Spring is in the air and so too is the prospect of a sharp decline in the global oil inventory excess according to HSBC’s Natural Resources & Energy research team. In a research note published at the beginning this month, the team headed by Gordon Gray Global Head of Oil & Gas Equity Research proclaims that they expect decisive oil inventory falls in the coming weeks as OPEC supply cuts are more fully reflected in data … and that is bearish for Global Oil Stocks.

Overall, the team sees global oil stocks falling by 0.6 million barrels this year, but the fall could be more than 1 million barrels if OPEC extends its cuts through the second half. This would be enough to erase most of the global surplus by year-end. Supply and demand look broadly in balance in 2018-19 assuming OPEC cuts are unwound, and tight oil continues its strong growth. US stocks of crude and products peaked in mid-February and are down less than 2% from their highs.

Global oil Stocks
hpgruesen / Pixabay

Global Oil Stocks: Drawdown expected

HSBC’s main argument for a drawdown in inventories this year is based on a continuation of the current trend that has been in place since mid last year. OECD commercial inventories of crude and products peaked in July 2016 and declined for five consecutive months, ending the year 115mb below the peak and below end-2015 levels. This “represents the longest stretch of consecutive monthly draws since 2011, and it strongly suggests that the market was already close to balance in 2016, contrary to what most observers thought at the time.”
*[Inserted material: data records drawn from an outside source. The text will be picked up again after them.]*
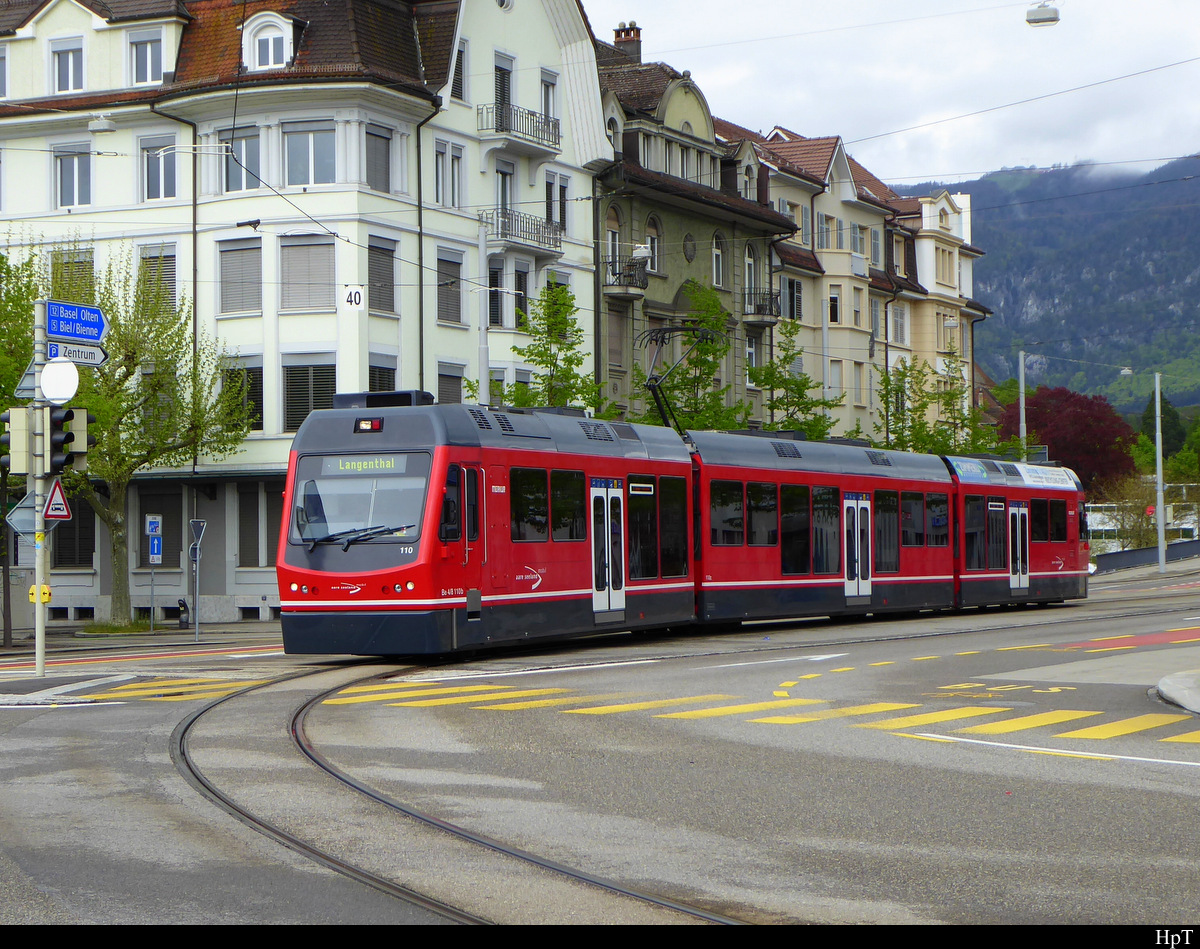 asm Oberaargau - Triebwagen Be 4/8  110 unterwegs in Solothurn am 27.04.2019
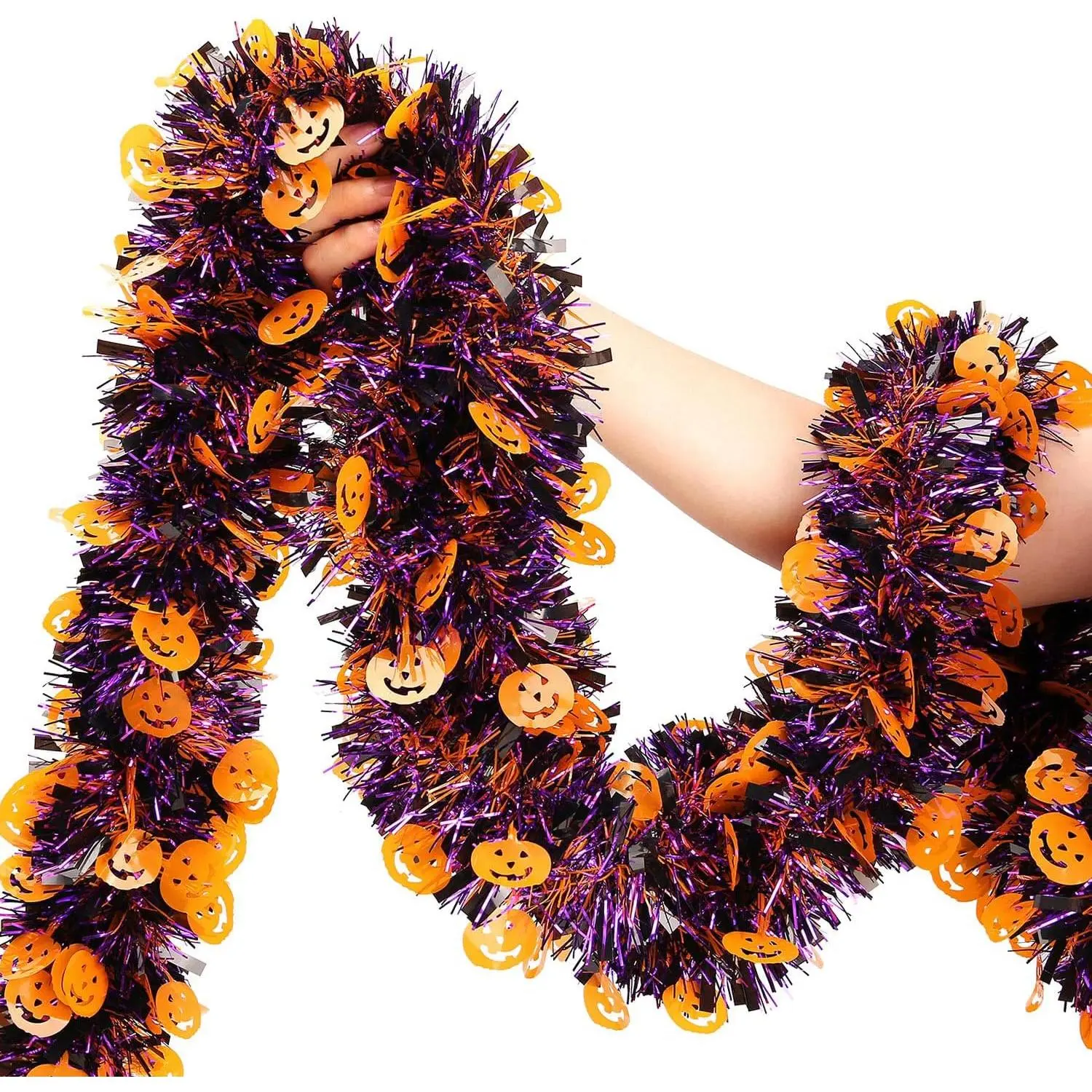 Halloween Garland Decor,33Ft Glitter Tinsel Pumpkin Garland Decorations for Tree  Golf Cart Parade Float  Indoor Outdoor Holiday  Burnt Orange Black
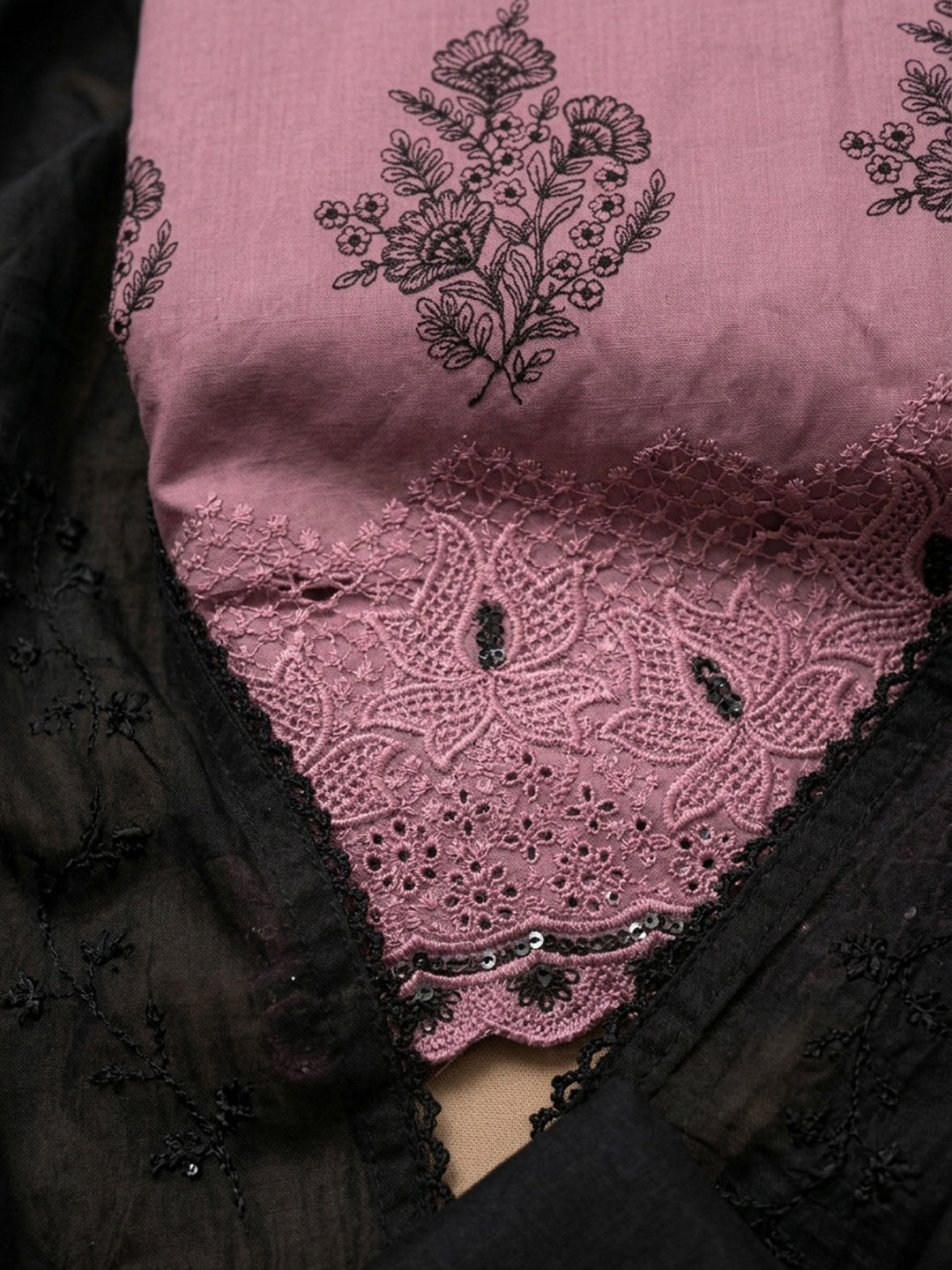 Onion Pink Embroidered Cotton Blend Unstitched Suit &amp; Pant With Cotton Dupatta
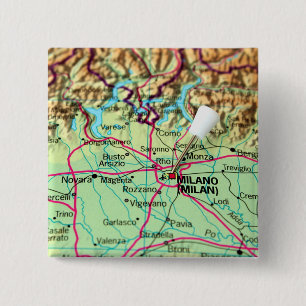 Pin Map of the city of Milan, Italy
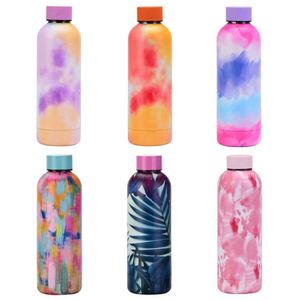 Botella de Agua Deportiva Aislada al Vacío de Acero Inoxidable de Doble Pared de 500 ml, con Recubrimiento de Goma, Económica, Fabricada en China - Product Image 1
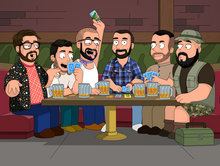 Load image into Gallery viewer, A Family Guy custom portrait featuring six animated characters gathered around a bar table at The Drunken Clam. They are engaged in a lively card game, with one person excitedly holding up a winning card. Each character has a unique style, ranging from casual to military-inspired outfits. Beer mugs filled with frothy drinks sit on the table, enhancing the fun atmosphere. The background features the classic pub setting with brick walls and green cushioned booths, staying true to the Family Guy cartoon style.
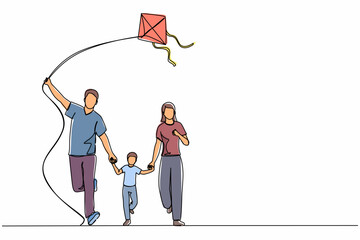 Poster - Single continuous line drawing family weekend with parents and child walking in the park. Fun family running, rest at nature on vacation. Dad, mom, and boy launches kite. One line draw design vector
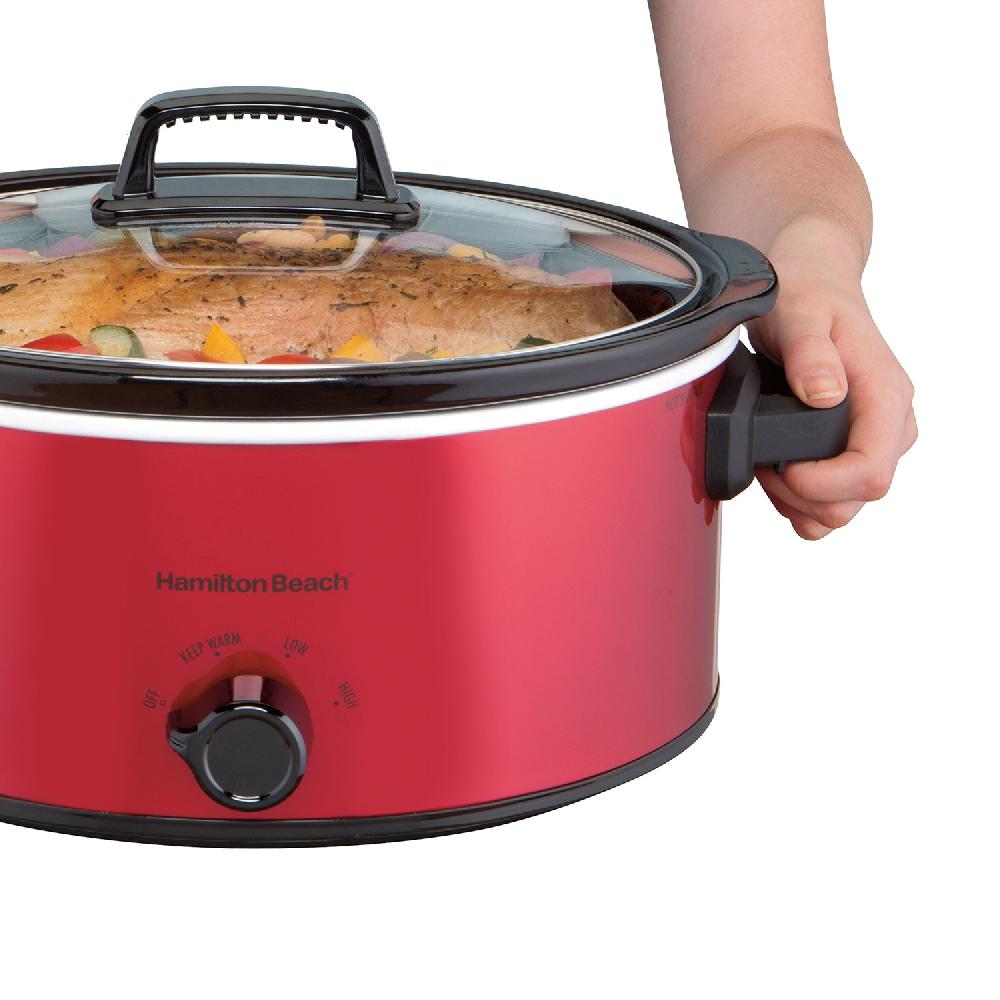 Hamilton Beach 6 Quart Oval Slow Cooker Red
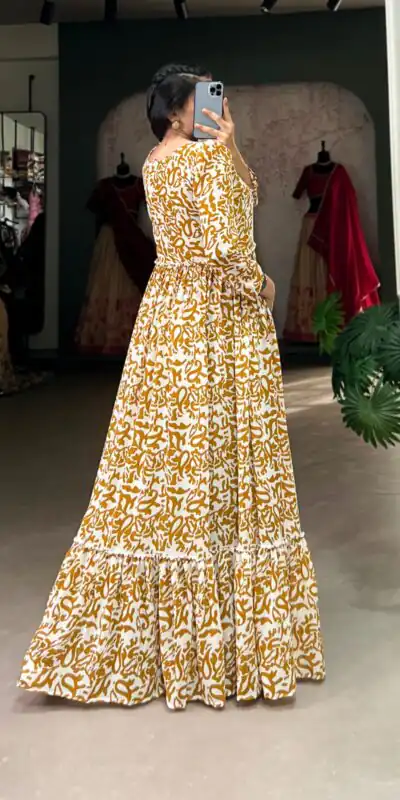 YNF 5016 Mustard Color Georgette Plain Sequins Embroidery Lace Gown Casual, Wedding, Festive, Events . Expected Delivery  4-6 Working Days @1599/- only      | Gowns, Bollywood Gowns, Creative Gowns, Designer Gowns, Embroidered Gowns, Party Wear Gowns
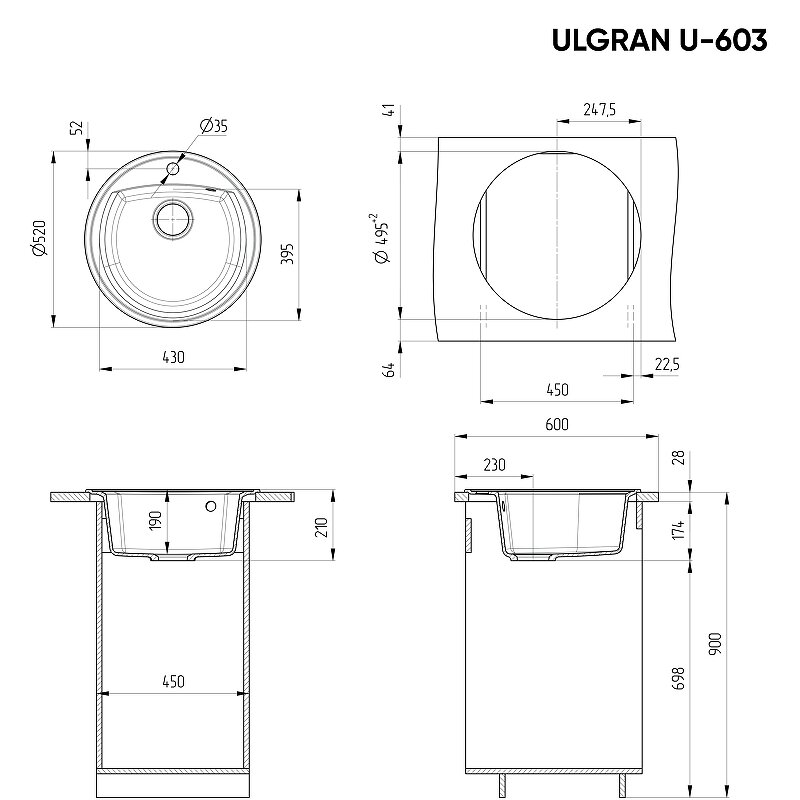 Мойка кухонная Ulgran 52х52 черная - фото №6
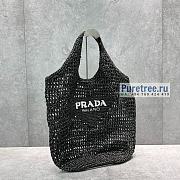 PRADA | Raffia Tote Bag In Black 1BG424 - 51 x 45cm - 6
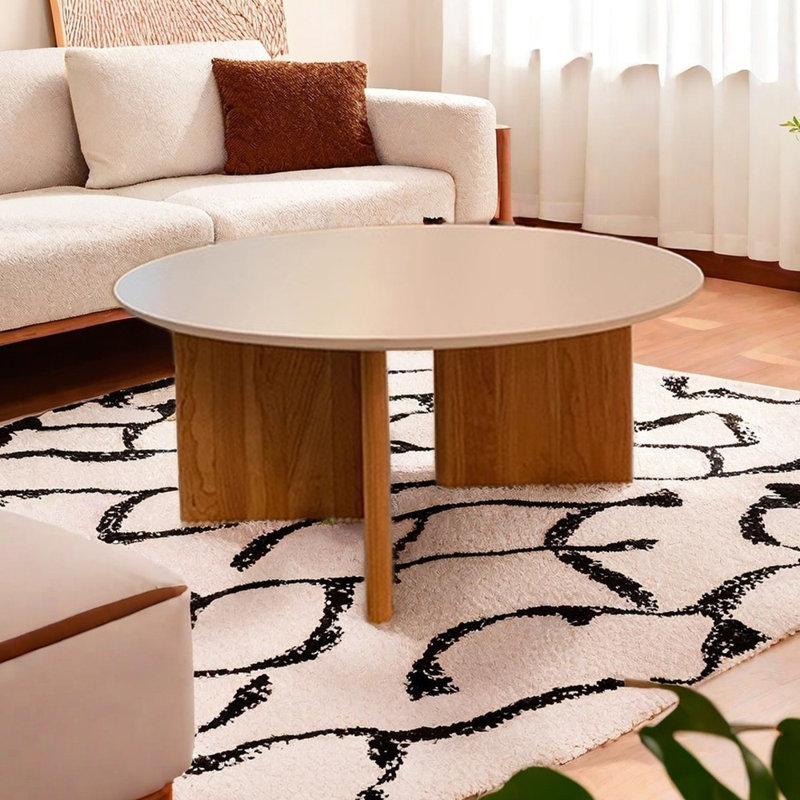 Table basse Rock Slab avec pieds en bois massif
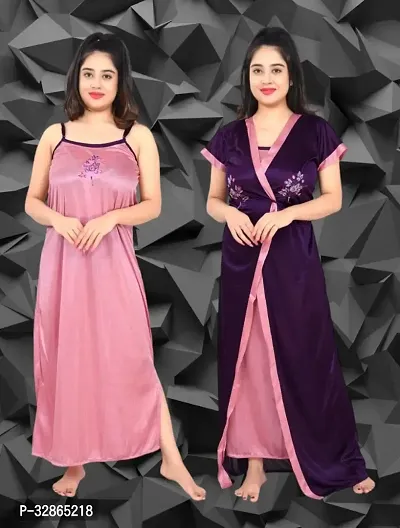 Comfy Satin Night Dress Set-thumb0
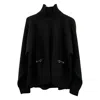 Gucci Wool And Cashmere Turtleneck Sweater With Horsebit In Black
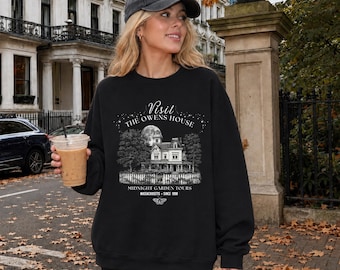 Visit the Owens House Sweatshirt | Practical Magic Inspired Crewneck | Vintage Haunted House Sweatshirt | Midnight Garden Tours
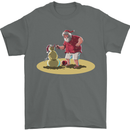 Christmas Beach Santa Clause & Snowman Mens T-Shirt Cotton Gildan Charcoal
Oil bears will claim that a rebound in commercial inventories in January, which erased around 40% of the cumulative draw in stocks since July 2016, marks an end to drawdowns. However, HSBC’s team notes that this spike was “largely caused by higher imports from cargoes in transit through Q4 2016.” It is interesting to note that the IEA’s preliminary data shows a small 5.3mb inventory draw in OECD inventories in February, despite further build in US crude stocks.

oil stocks oil stocks

Not only are fundamentals looking more supportive on the supply-side, but also on the demand side oil fundamentals are improving. For example, the IEA’s estimate of 2016 global demand has risen by nearly 1mbd since the start of 2016 itself.

There’s also an increasing likelihood that OPEC will extend its production cuts into the second half of the year. HSBC believes that so far comments from OPEC members appear to be supportive of the cuts being rolled over thanks to a high level of cooperation from non-OPEC participants, a visible level of progress on inventory reduction and the crude price response.